L’aria di Natale si fa strada faticosamente tra la nebbia greve della crisi, che persiste e non vuole andarsene. Ormai dobbiamo ammetterlo: se si trattasse solo di crisi economica, sarebbe passata da un pezzo. C’è ben altro in gioco: sono in crisi gli atteggiamenti, i modelli, i piani industriali, le strategie aziendali, l’equilibrio tra pubblico e privato, lo stato sociale, il modo in cui guardiamo al lavoro e il modo in cui il lavoro guarda noi. Harry Potter è morto, lo Hobbit non vale Il Signore degli Anelli, il cinema italiano ha successo solo quando fa ridere, l’hit parade è in mano a brufolosi cantanti mediocri resi interessanti solo dalla luce dei riflettori, e le squadre italiane quando vanno in Europa arrivano se va bene ai quarti. Mamma mia che depressione!

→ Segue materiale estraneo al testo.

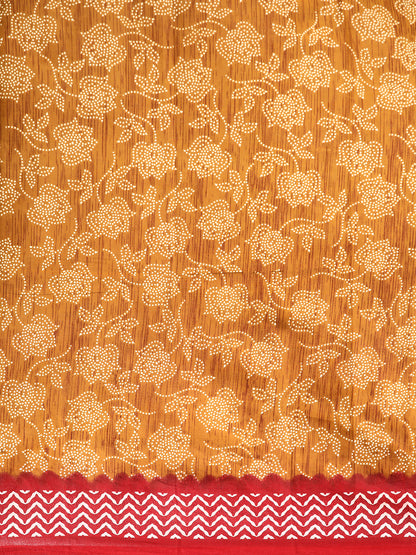 Pure Cotton Printed Mulmul Saree for Women with Blouse Piece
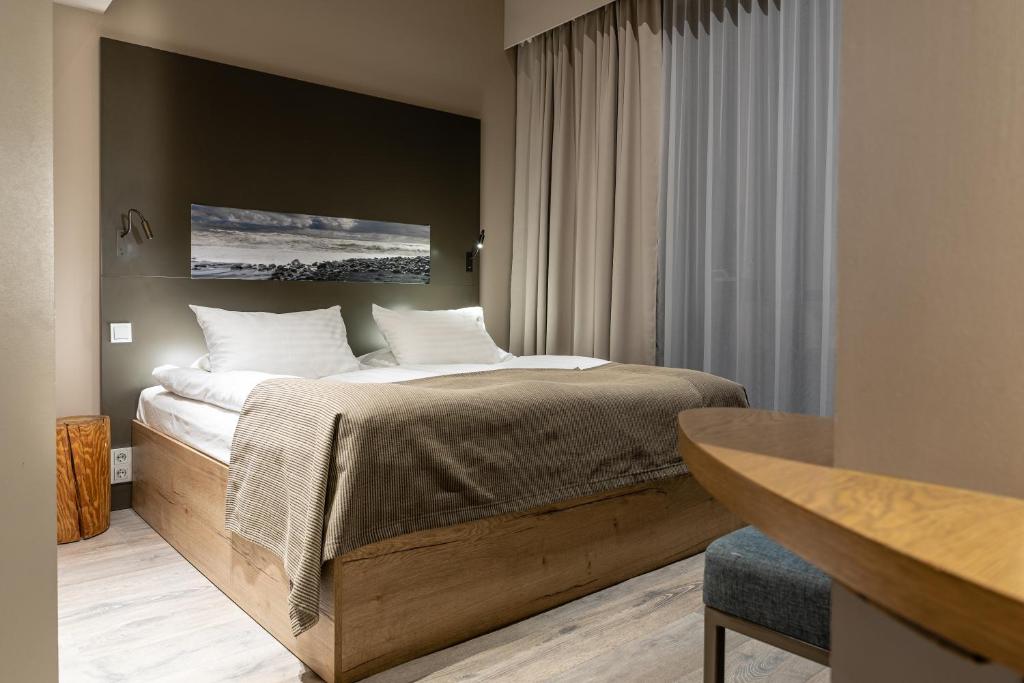 Voodi või voodid majutusasutuse Hotel Vík í Mýrdal toas
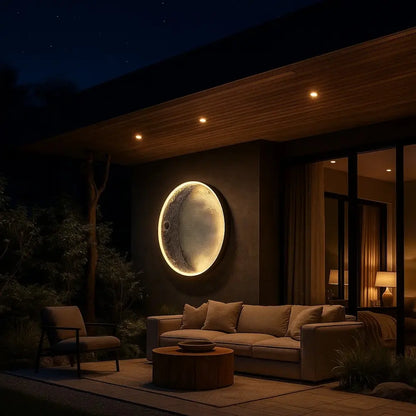 Applique exterieure - Lune d’Inox | Elysor -  |   Delvanie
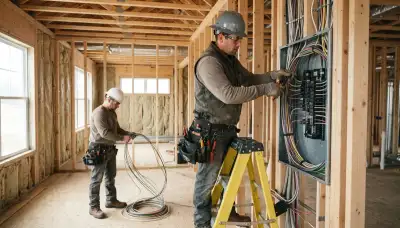 New construction wiring services by On Call Electrical in Orange, CA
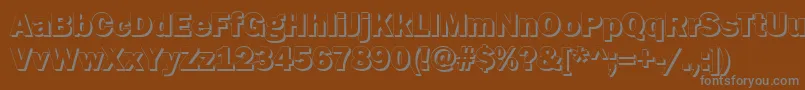 GoffikS Font – Gray Fonts on Brown Background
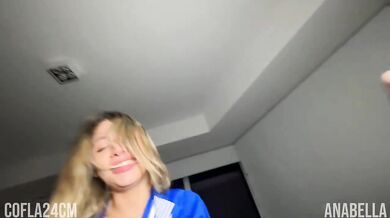 Blonde Fan Bounces Huge Ass Deeply on My 24 Centimeter Cock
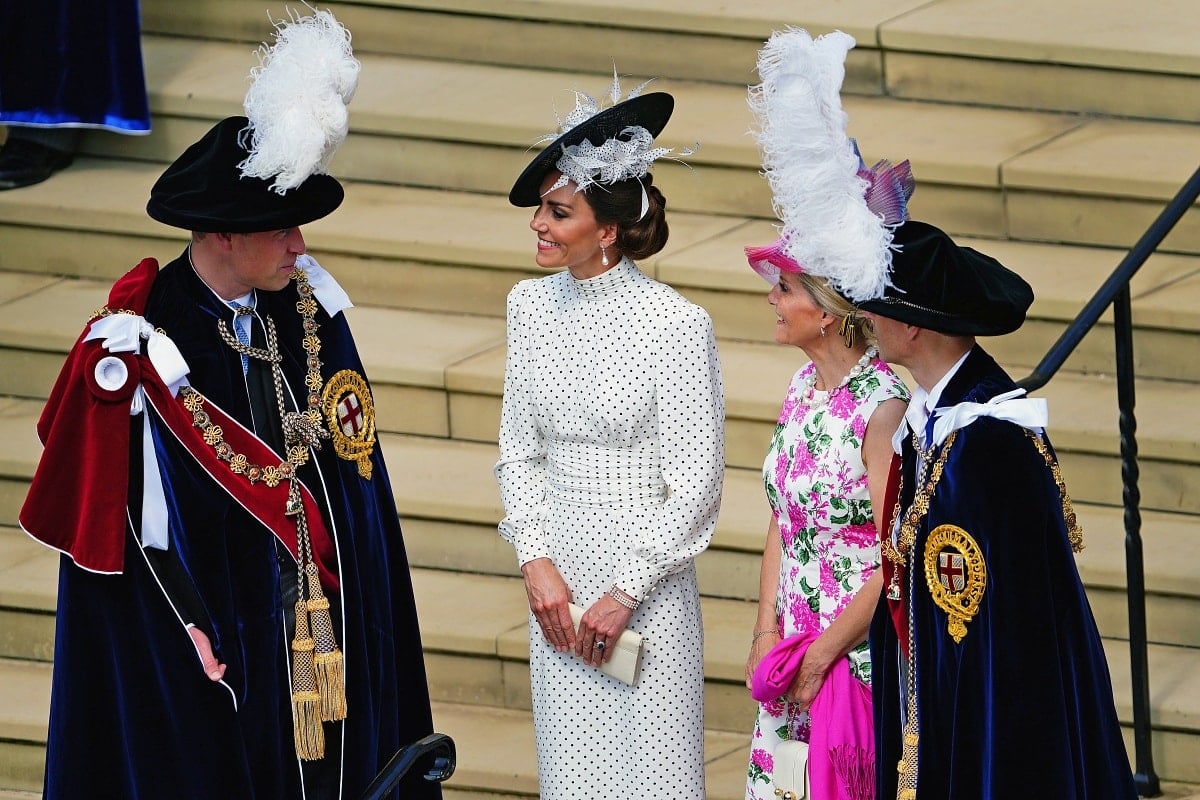 Catherine, Princess of Wales with Prince William of Wales, Duchess of Edinburgh, and Duke of Edinburgh at the Annual Order of the Garter Service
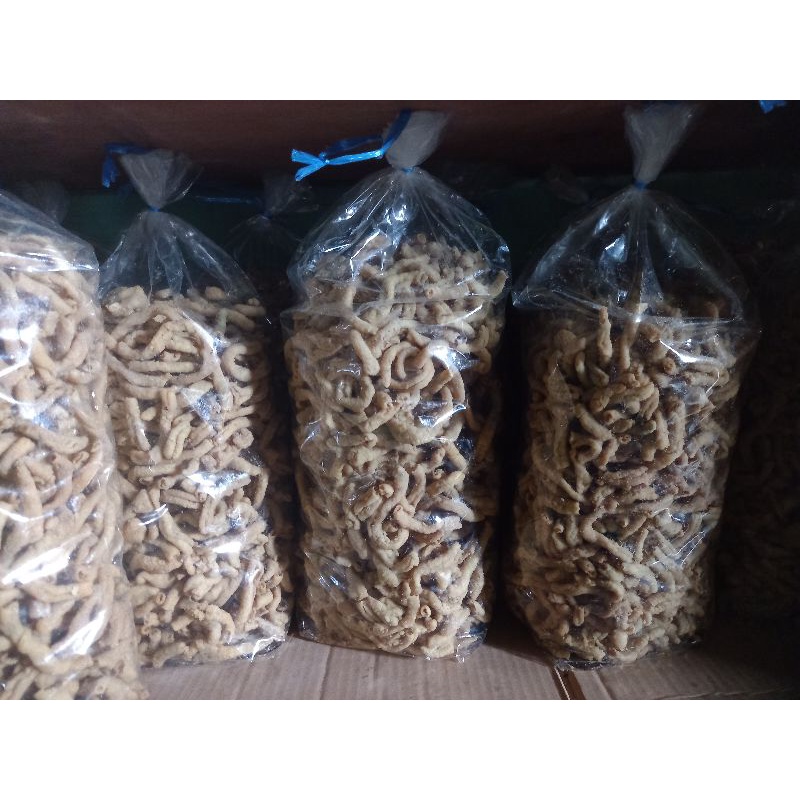 

kripik usus ayam klaten ukuran 500 gram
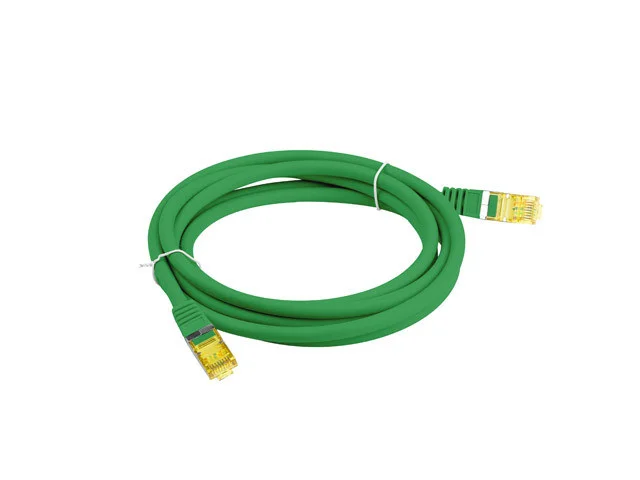 PATCHCORD CAT.6A S/FTP LSZH CU 15M ZELENÝ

In questo contesto, una recente visita al centro commerciale mi ha insegnato che i Re Magi di Thun vengono via a quattrocentosettanta euro, e che nei negozi di intimo ti fanno uno sconto proporzionato alla misura del reggiseno, pur fermandosi fortunatamente al 60% accordato alle seste. Dal che ho dedotto che se questo è lo spirito delle feste, è in crisi pure il Natale.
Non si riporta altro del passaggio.